So the Haro' geo is the SAME as the Vassago's?
Similar isn't the same........the sum adds up to much larger than any one on it's own.
I ain't hatin, I'm just sayin.


----------



## Leethal (Feb 5, 2004)

Your right it handles worse than a Mary...LOL

Actually my real point was that the Haro is a great bargain for the money and in my opinion is better than the Redline, Raleigh and Motobecane by far.


----------



## plesurnpain (Sep 9, 2007)

*The Raleigh Rips*

I've been riding my xxix since April and I love it. Two of my riding buddies test rode it and each bought one too. I've done a few upgrades using parts that I alresdy had. Now I'm planning on a carbon fork(exotic) and new wheels(xt/flow) with new tires(rampage/fire). The stock wheels aren't too heavy, but the stouts are.I rode them to death.If you want to save some weight, swap them out. If you want grip, keep them. If I can, I'll do the brakes. Right now they work fine and that can wait. It's just a fun bike at a great price. I don't even mind spending a few bucks on upgrades.


----------



## gsomtb (Jul 18, 2007)

*Good*



Leethal said:


> Your right it handles worse than a Mary...LOL
> 
> Actually my real point was that the Haro is a great bargain for the money and in my opinion is better than the Redline, Raleigh and Motobecane by far.


Bargains = Good.

My Vassago handles awesome FWIW.


----------



## 10speedbiopacefreewheel (Aug 19, 2008)

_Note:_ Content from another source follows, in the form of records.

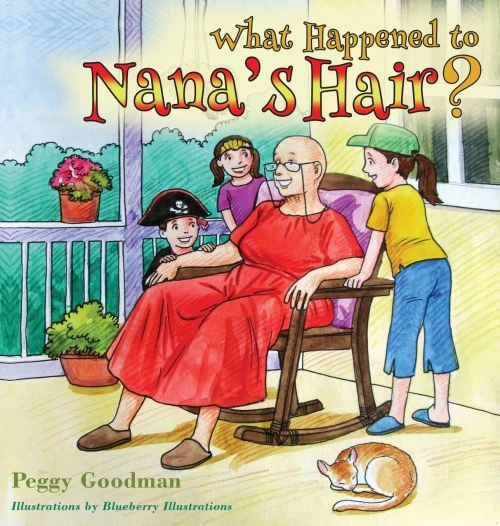 What Happened To Nana'S Hair?
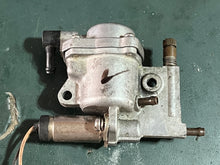 Charger l'image dans la galerie, DT 90 100 150 175 200 hp Suzuki 13400-87D12 STARTER VALVE pump 1987-1999 fuel primer V6 Two Stroke 13400-87D20 with  SOLENOID
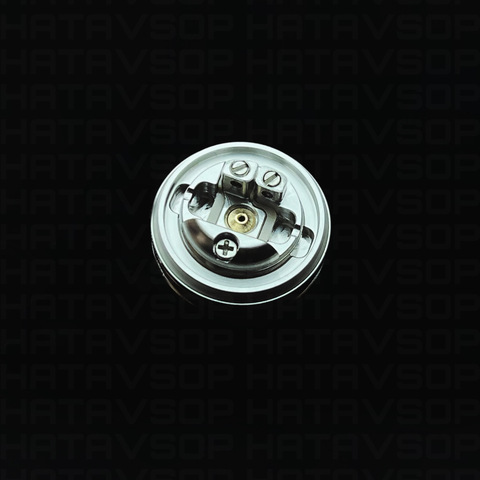 Pioneer V1.5 RTA by BP MODS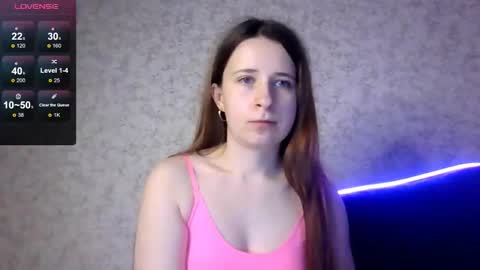 Snapshot of linnsweety chatting on 7, 10, 2025 linnsweety online show from 7, 10, 2025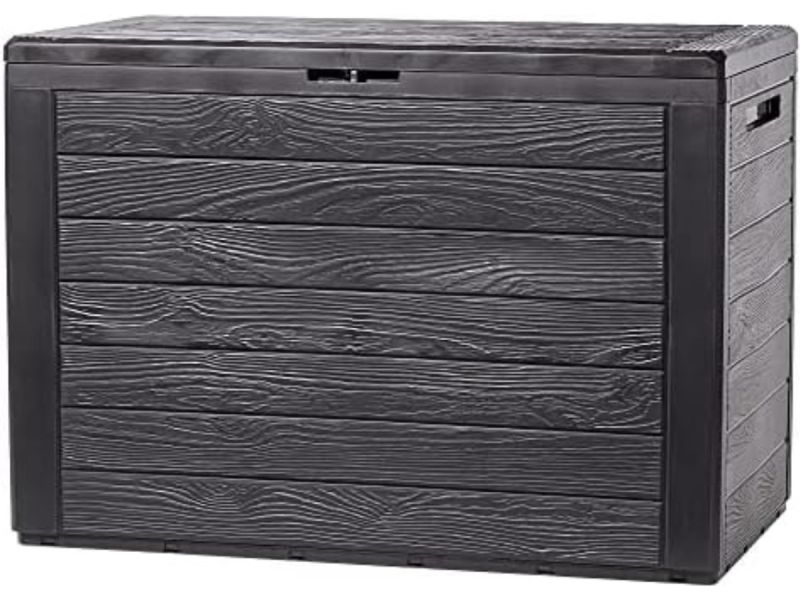 Kussenbox voor buiten - 78 x 55 x 44 cm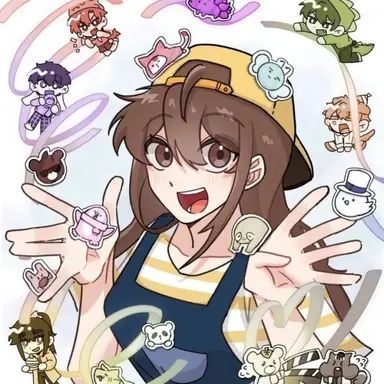 Profile image of 잠뜰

the raleigh is a piece of ****. sorry. i bought one new the first year they came out, from the rep. i begged him for one. only the shop manager and I were able to get them before release. i was so stoked. it came w/ bb5s not bb7s. and the ebb sucked, nothing kept it from slipping. i hated it, i sold it after less than half a season. boss also sold his. maybe they have improved it the past two years. i had a redline and it was great, shouldnt have let it go. 

my advice is, get the redline. make sure if the bike you get doesnt have disc, it at least has tabs for later upgrading.

motobee is a garbage internet brand anymore. i dont know much about the haro. i used to ride haro bmx as a kid and they were a name then but i dont know what the are doing now. 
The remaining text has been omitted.